WHAT IS NEEDED -
Please transcribe the entries that follow exactly as they stand, skipping each picture.
+ + +
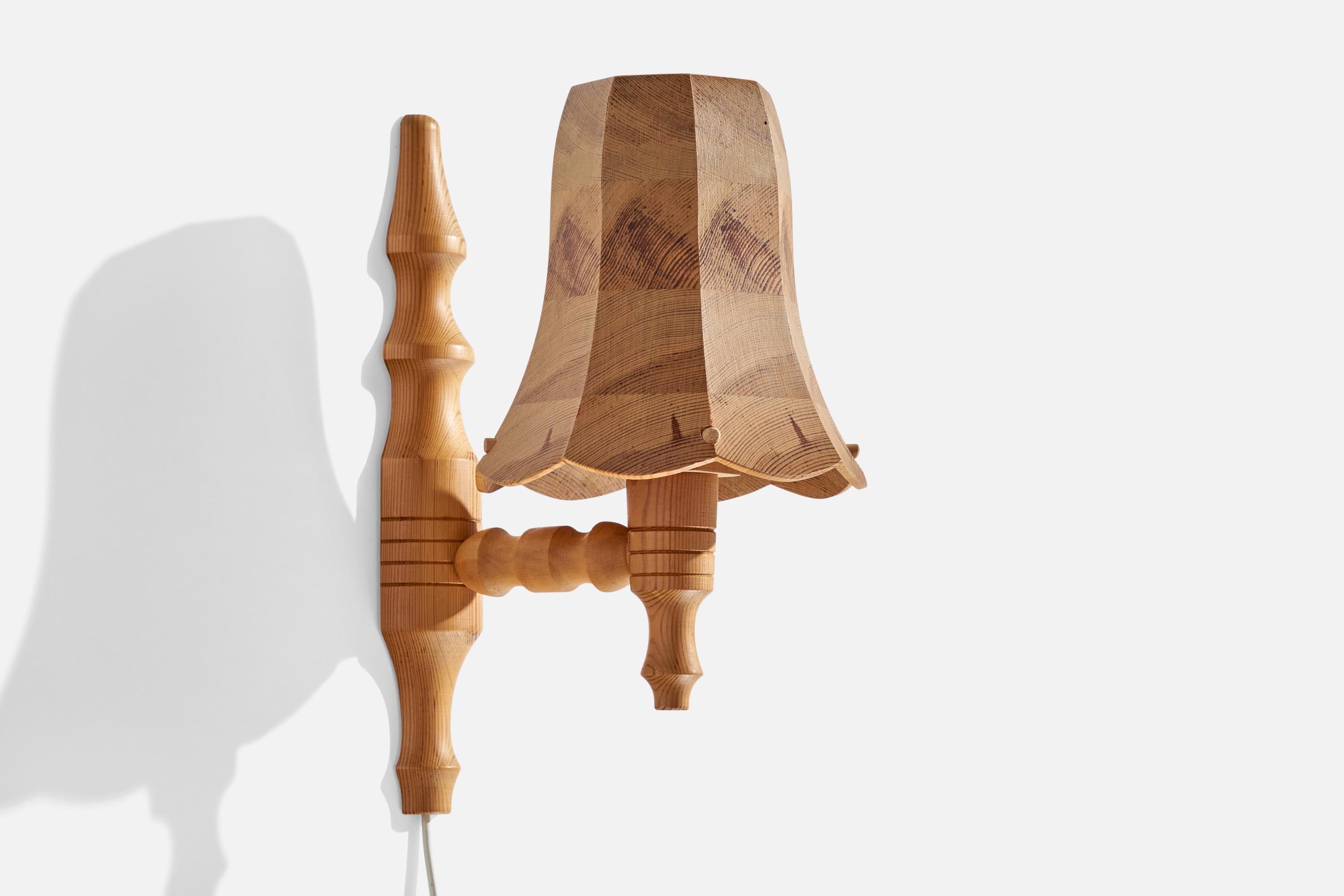 Suédois Designer suédois, lampes murales, pin, Suède, années 1970 en vente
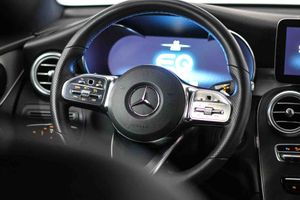 Mercedes GLC Coupé GLC 300 e 4MATIC **AMG Line** - Foto 37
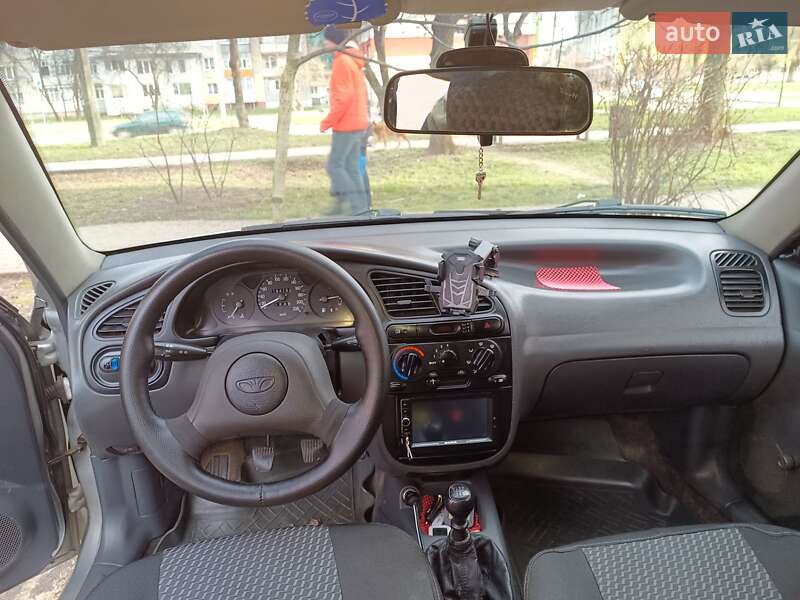 Седан Daewoo Sens 2004 в Тлумаче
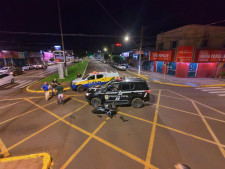 Motoqueiro fica ferido após batida com viatura que seguia em ocorrência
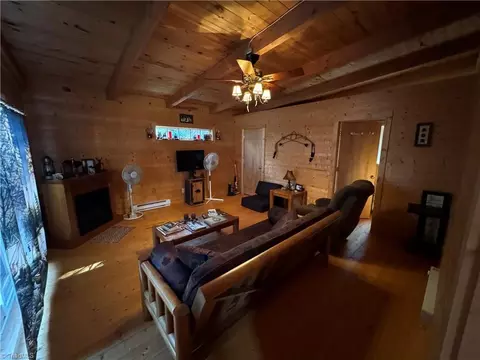 203 Eagle Nest Rd, Purlear, NC 28665 photo 6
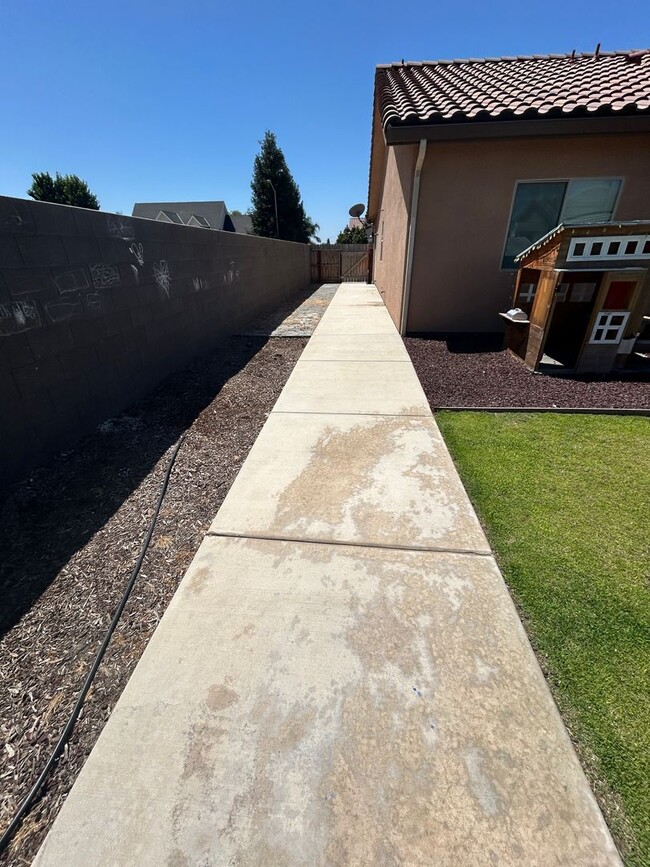 2185 Silverbrooke St in Kingsburg, CA - Building Photo - Building Photo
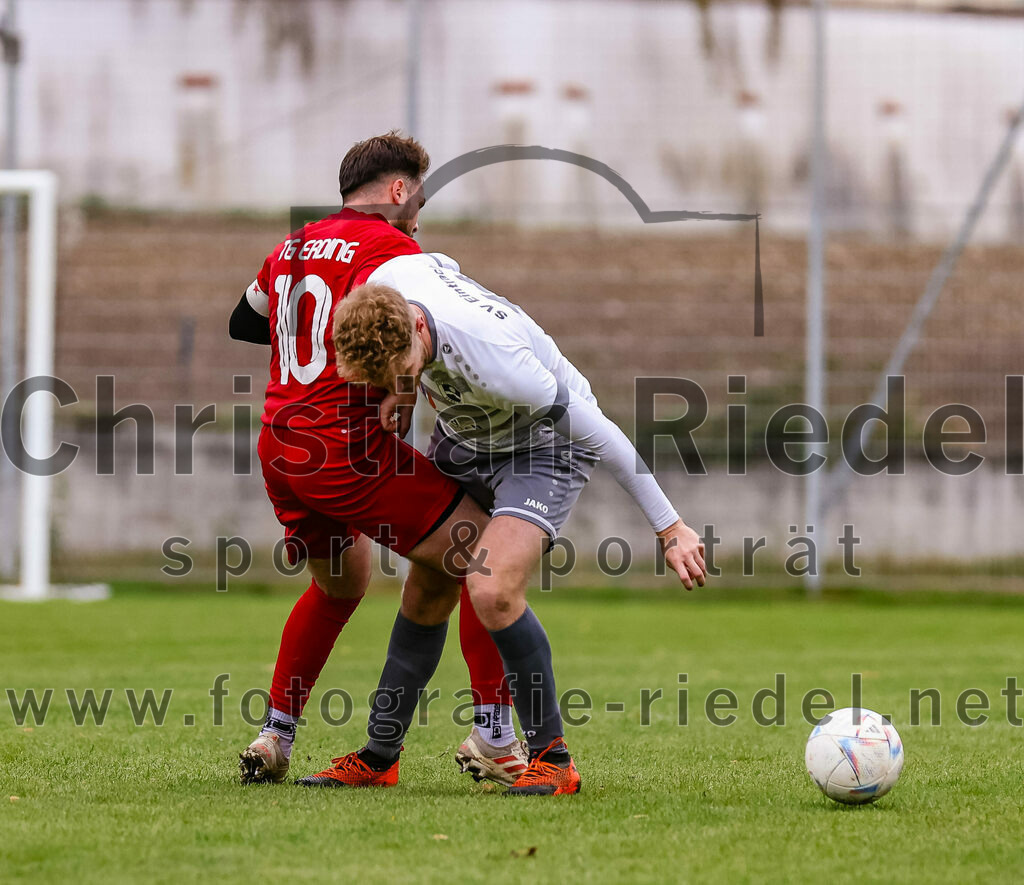 2023-10-15_014_SV_Eintracht_Berglern_gegen_FC_Tuerkguecue_Erding | Berglern, Deutschland, 15.10.2023:
Fußball, Kreisklasse 2023 / 2024, 10. Spieltag, SV Eintracht Berglern gegen FC Türkgücü Erding, Endergebnis: 1:0

Ömer Altinisik (FC Türk Gücü Erding, #10), Maurice Steck (SV Eintracht Berglern, #11)

Foto: Christian Riedel / fotografie-riedel.net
+ + +
WRITTEN REPLY -
 Suédois Designer suédois, lampes murales, pin, Suède, années 1970 en vente
 Mercedes GLC Coupé GLC 300 e 4MATIC **AMG Line** - Foto 37
 Седан Daewoo Sens 2004 в Тлумаче
 Motoqueiro fica ferido após batida com viatura que seguia em ocorrência
 203 Eagle Nest Rd, Purlear, NC 28665 photo 6
 2185 Silverbrooke St in Kingsburg, CA - Building Photo - Building Photo
 2023-10-15_014_SV_Eintracht_Berglern_gegen_FC_Tuerkguecue_Erding | Berglern, Deutschland, 15.10.2023:
Fußball, Kreisklasse 2023 / 2024, 10. Spieltag, SV Eintracht Berglern gegen FC Türkgücü Erding, Endergebnis: 1:0

Ömer Altinisik (FC Türk Gücü Erding, #10), Maurice Steck (SV Eintracht Berglern, #11)

Foto: Christian Riedel / fotografie-riedel.net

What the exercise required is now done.